After spending half a million dollars to halt San Diego’s minimum wage hike by forcing it onto the June ballot, business groups might not spend much at all persuading voters not to approve it.

They didn’t change their minds on the policy – they still don’t like it. They just aren’t sure trying to win over voters will amount to anything but throwing good money after bad.

“I’m not sure there’s enough money to win,” said Sean Karafin, executive director of policy and economic research at the San Diego Regional Chamber of Commerce. “People are assessing the chances of winning, and obviously that’s going to dictate where our resources go.”

The move to overturn the City Council’s decision – which would initially raise the minimum wage to $11.50, tie future increases to inflation beginning in 2019 and give workers five sick days per year – was financed by a committee called the Small Business Coalition. Its largest donors were the Chamber, statewide restaurant groups and national and local hotel associations. They spent $545,000 on the effort in 2014.

Now, the coalition is getting together to decide how much it should spend campaigning against the June measure.

Informing those talks are polls that suggest the measure is not only broadly popular, but that people aren’t really willing to change their minds on the issue.

An internal poll conducted by the Center on Policy Initiatives, a local liberal think tank, showed 63 percent of voters support the citywide increase. Perhaps more importantly, 47 percent of voters said they were strongly in favor of the measure, while just 24 percent were strongly against it.

Karafin said that’s consistent with the polling he’s seen: People like the idea of raising the minimum wage, and it’s hard to convince them otherwise.

That means waging a campaign to win over hearts and minds would cost a good bit more than the coalition spent to get the measure on the ballot in the first place.

Still, Ann Kinner, who as owner of Seabreeze Nautical Books and Charts in Point Loma was something of a public face against the wage hike back in 2014, said she was dismayed when she learned the coalition was considering letting the increase pass without a fight.

“It’s a disservice to those of us who stuck our necks out,” Kinner said. “We put in a lot of time and effort; to just drop it doesn’t sit right at all. I don’t recall any conversations that said we were going to get it on the ballot and just see what happens. Waiting two years, to see it go down the tubes? It makes no sense at all.”

There will likely be some funding to oppose the increase.

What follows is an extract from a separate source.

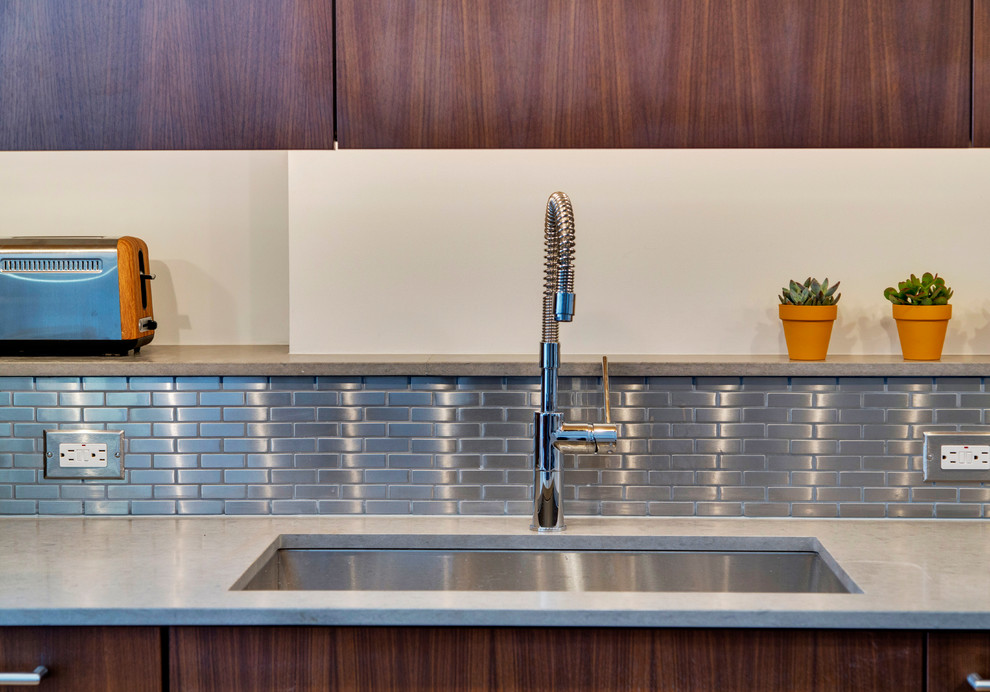 Photo of a contemporary l-shaped eat-in kitchen in New York with an undermount sink, flat-panel cabinets, medium wood cabinets, quartz benchtops, metallic splashback, metal splashback and stainless steel appliances.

It’s just not clear how much.

“There will be something,” said Jason Roe, a political consultant and spokesman for the coalition. “It remains to be seen if we’ll have enough to win.”

He said he expects to form a committee that could raise money for an opposition in the next few weeks.

Despite the discouraging polling, Chris Duggan, director of San Diego government affairs for the California Restaurant Association, said the minimum wage increase would hurt his organization’s members, and they won’t shy away from making that case to the public.

“How much we’ll spend – I don’t know,” he said. “But we’ll be in the media, educating the public no matter what.”

Even if the coalition fails to overturn the increase – or to even mount a substantive campaign to do so – it will have nonetheless managed to delay for nearly 20 months the series of wage increases outlined in the ordinance.

Another wrench for minimum wage opponents: California’s Service Employees International Union is currently working on two different statewide measures to increase the minimum wage to levels above what San Diego’s would be even if it wins. It’s expected that one of those two measures will end up on November’s ballot.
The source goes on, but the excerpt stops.